- _Task objective_:
Print each entry as it appears. Images stay out of the copy.

-------- Material provided --------

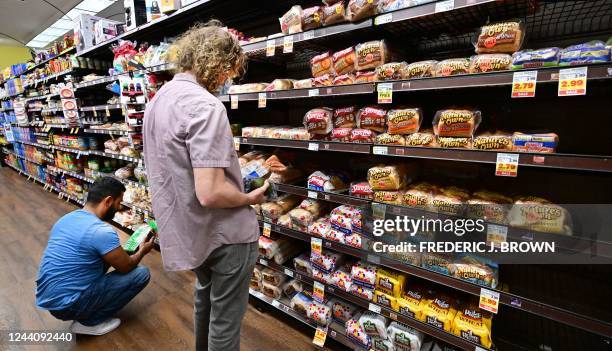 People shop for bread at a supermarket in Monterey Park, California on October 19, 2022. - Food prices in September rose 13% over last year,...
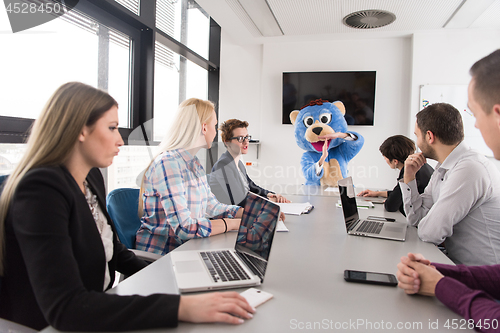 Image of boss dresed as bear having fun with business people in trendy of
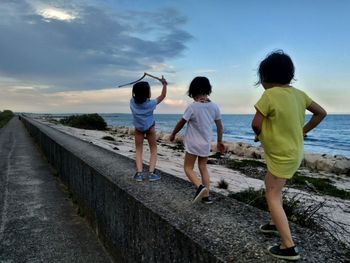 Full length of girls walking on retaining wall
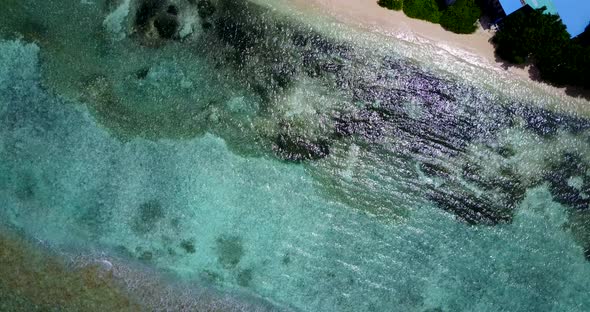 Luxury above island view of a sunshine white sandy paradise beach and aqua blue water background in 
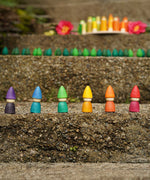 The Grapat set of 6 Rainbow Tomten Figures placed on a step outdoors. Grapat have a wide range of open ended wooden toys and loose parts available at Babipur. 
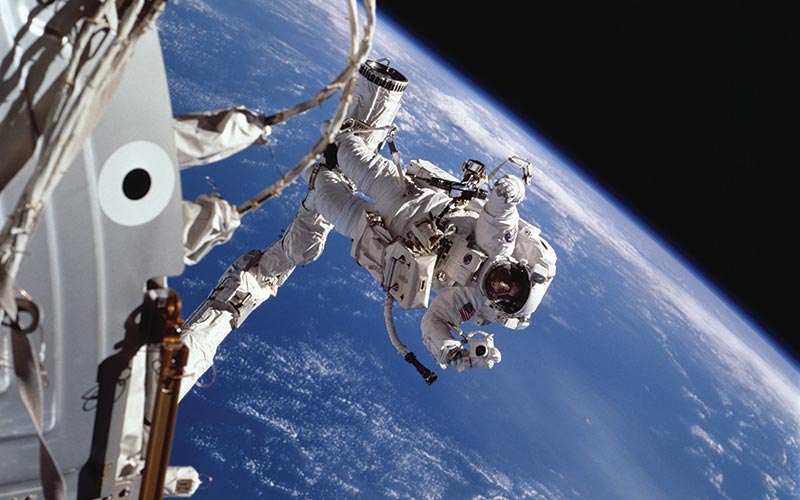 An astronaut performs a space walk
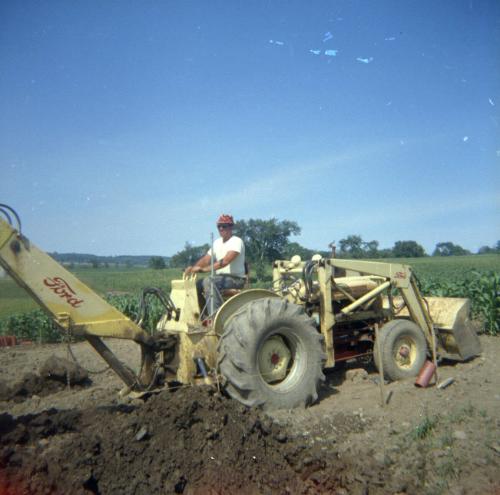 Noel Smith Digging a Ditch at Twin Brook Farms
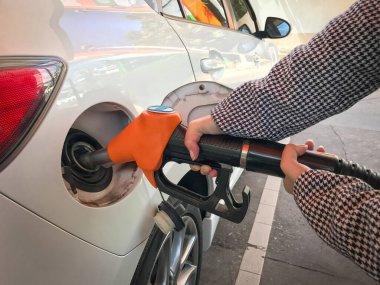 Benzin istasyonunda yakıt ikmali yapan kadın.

--------

- _Result_:
 People shop for bread at a supermarket in Monterey Park, California on October 19, 2022. - Food prices in September rose 13% over last year,...
 Image of boss dresed as bear having fun with business people in trendy of
 Full length of girls walking on retaining wall
 Luxury above island view of a sunshine white sandy paradise beach and aqua blue water background in 
 The Grapat set of 6 Rainbow Tomten Figures placed on a step outdoors. Grapat have a wide range of open ended wooden toys and loose parts available at Babipur. 
 An astronaut performs a space walk
 Noel Smith Digging a Ditch at Twin Brook Farms
 Benzin istasyonunda yakıt ikmali yapan kadın.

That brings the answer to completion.